Cc: Tejun Heo <tj@kernel.org>
Cc: linux-kernel@vger.kernel.org
---
 init/Kconfig         |  17 ++++++
 kernel/sched/core.c  | 145 +++++++++++++++++++++++++++++++++++++++++++++++++++
 kernel/sched/sched.h |   8 +++
 3 files changed, 170 insertions(+)

-- 
2.7.4

Comments

Patrick Bellasi March 15, 2017, 11:20 a.m. UTC | #1
On 13-Mar 03:46, Joel Fernandes (Google) wrote:
> On Tue, Feb 28, 2017 at 6:38 AM, Patrick Bellasi

> <patrick.bellasi@arm.com> wrote:

> > The CPU CGroup controller allows to assign a specified (maximum)

> > bandwidth to tasks within a group, however it does not enforce any

> > constraint on how such bandwidth can be consumed.

> > With the integration of schedutil, the scheduler has now the proper

> > information about a task to select  the most suitable frequency to

> > satisfy tasks needs.

> [..]

> 

> > +static u64 cpu_capacity_min_read_u64(struct cgroup_subsys_state *css,

> > +                                    struct cftype *cft)

> > +{

> > +       struct task_group *tg;

> > +       u64 min_capacity;

> > +

> > +       rcu_read_lock();

> > +       tg = css_tg(css);

> > +       min_capacity = tg->cap_clamp[CAP_CLAMP_MIN];

> 

> Shouldn't the cap_clamp be accessed with READ_ONCE (and WRITE_ONCE in

> the write path) to avoid load-tearing?


tg->cap_clamp is an "unsigned int" and thus I would expect a single
memory access to write/read it, isn't it? I mean: I do not expect the
compiler "to mess" with these accesses.

However, if your concerns are more about overlapping read/write for the
same capacity from different threads, then perhaps we should better
use a mutex to serialize these two functions... not entirely convinced...

> Thanks,

> Joel


-- 
#include <best/regards.h>

Patrick Bellasi
Joel Fernandes March 15, 2017, 1:20 p.m. UTC | #2
On Wed, Mar 15, 2017 at 4:20 AM, Patrick Bellasi
<patrick.bellasi@arm.com> wrote:
> On 13-Mar 03:46, Joel Fernandes (Google) wrote:

>> On Tue, Feb 28, 2017 at 6:38 AM, Patrick Bellasi

>> <patrick.bellasi@arm.com> wrote:

>> > The CPU CGroup controller allows to assign a specified (maximum)

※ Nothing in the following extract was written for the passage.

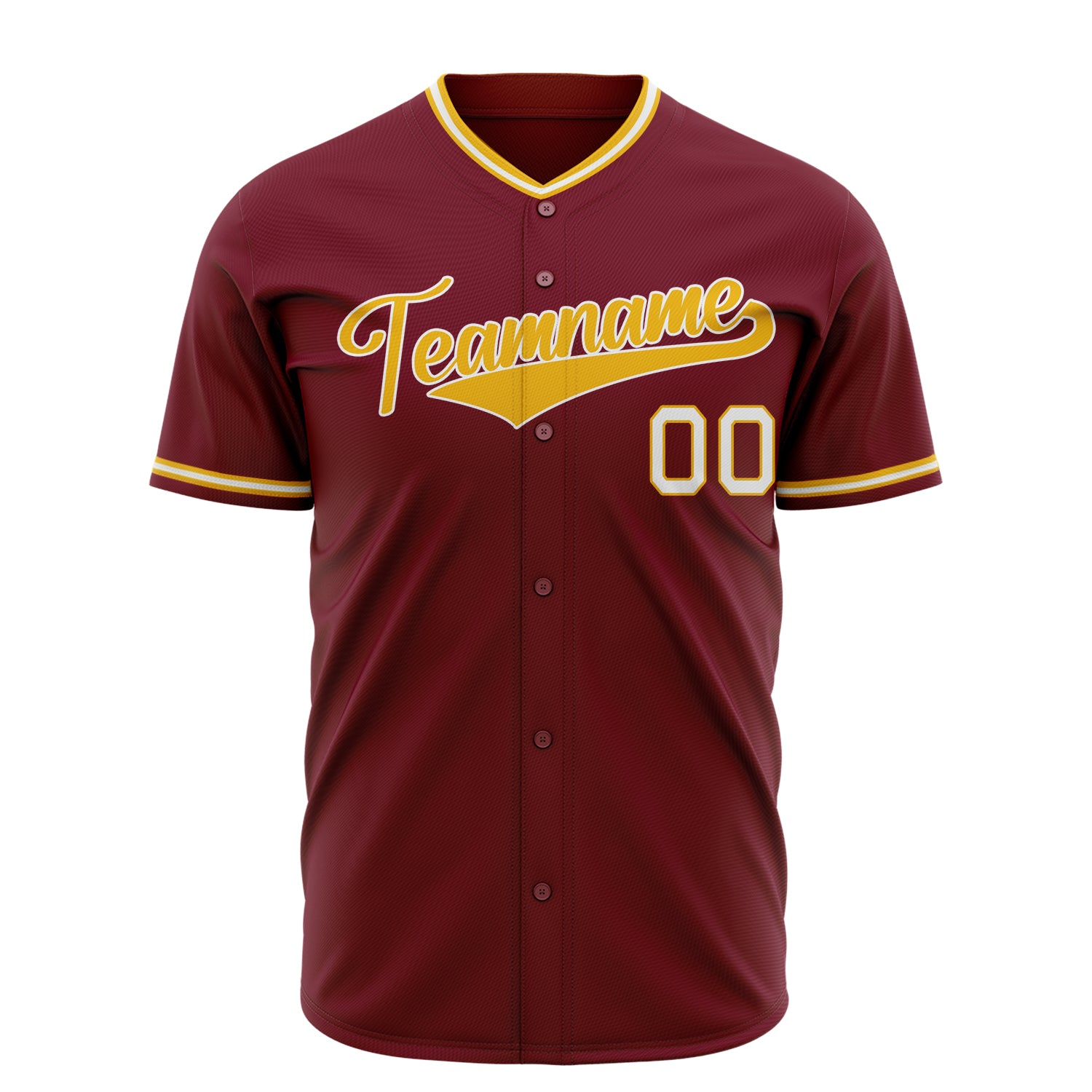 Benutzerdefiniertes Professionelles Karmesinrot Gold Baseballtrikot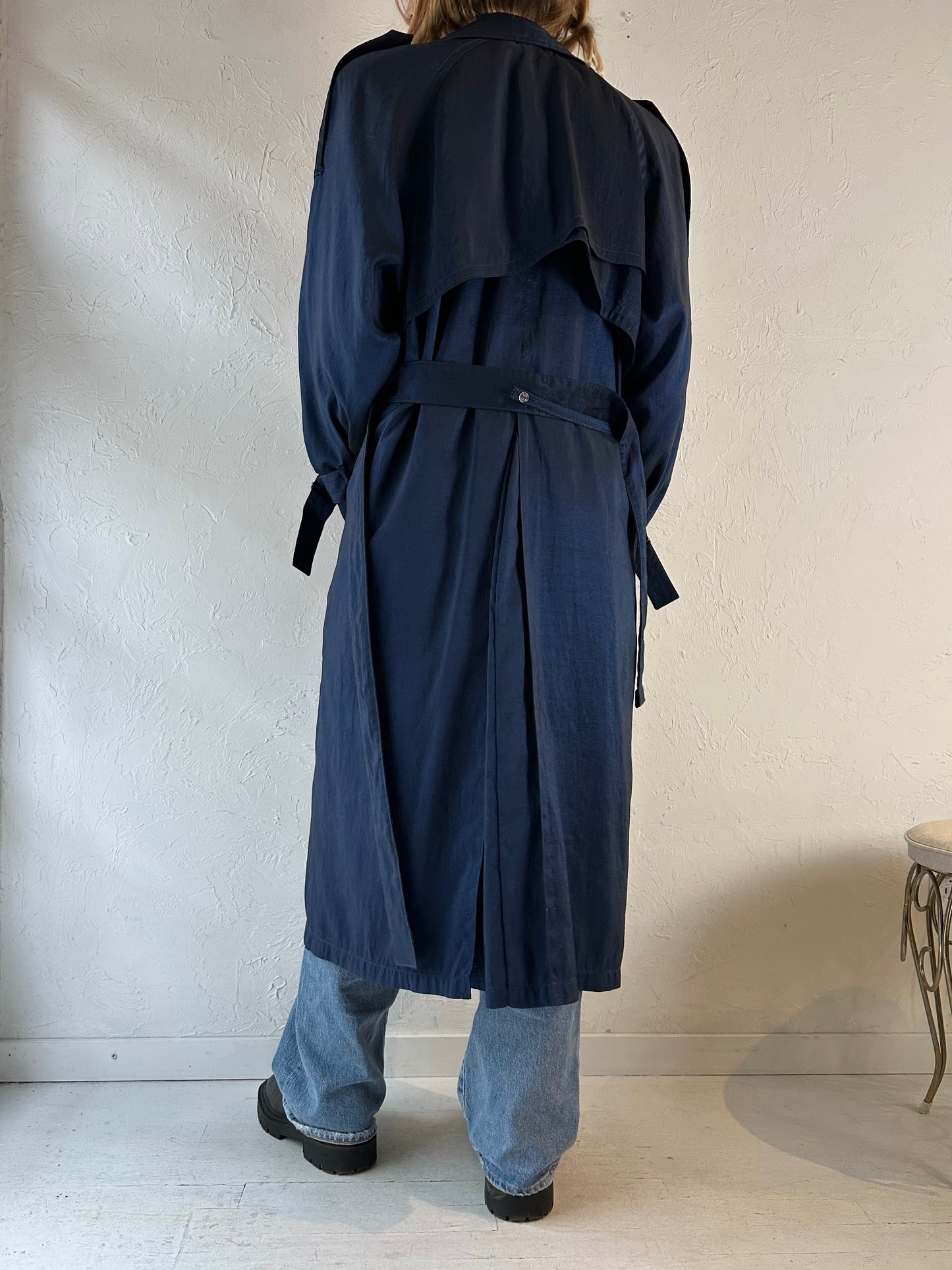 90s ‘London Fog’ Matalic Blue Trench Coat / Medium - Large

>> > bandwidth to tasks within a group, however it does not enforce any

>> > constraint on how such bandwidth can be consumed.

>> > With the integration of schedutil, the scheduler has now the proper

>> > information about a task to select  the most suitable frequency to

>> > satisfy tasks needs.

>> [..]

>>

>> > +static u64 cpu_capacity_min_read_u64(struct cgroup_subsys_state *css,

>> > +                                    struct cftype *cft)

>> > +{

>> > +       struct task_group *tg;

>> > +       u64 min_capacity;

>> > +

>> > +       rcu_read_lock();

>> > +       tg = css_tg(css);

>> > +       min_capacity = tg->cap_clamp[CAP_CLAMP_MIN];

>>

>> Shouldn't the cap_clamp be accessed with READ_ONCE (and WRITE_ONCE in

>> the write path) to avoid load-tearing?

>

> tg->cap_clamp is an "unsigned int" and thus I would expect a single

> memory access to write/read it, isn't it? I mean: I do not expect the

> compiler "to mess" with these accesses.


This depends on compiler and arch. I'm not sure if its in practice
these days an issue, but see section on 'load tearing' in
Documentation/memory-barriers.txt . If compiler decided to break down
the access to multiple accesses due to some reason, then might be a
problem.

Adding Paul for his expert opinion on the matter ;)

Thanks,
Joel
Paul E. McKenney March 15, 2017, 4:10 p.m. UTC | #3
On Wed, Mar 15, 2017 at 06:20:28AM -0700, Joel Fernandes wrote:
> On Wed, Mar 15, 2017 at 4:20 AM, Patrick Bellasi

> <patrick.bellasi@arm.com> wrote:

> > On 13-Mar 03:46, Joel Fernandes (Google) wrote:

> >> On Tue, Feb 28, 2017 at 6:38 AM, Patrick Bellasi

> >> <patrick.bellasi@arm.com> wrote:

> >> > The CPU CGroup controller allows to assign a specified (maximum)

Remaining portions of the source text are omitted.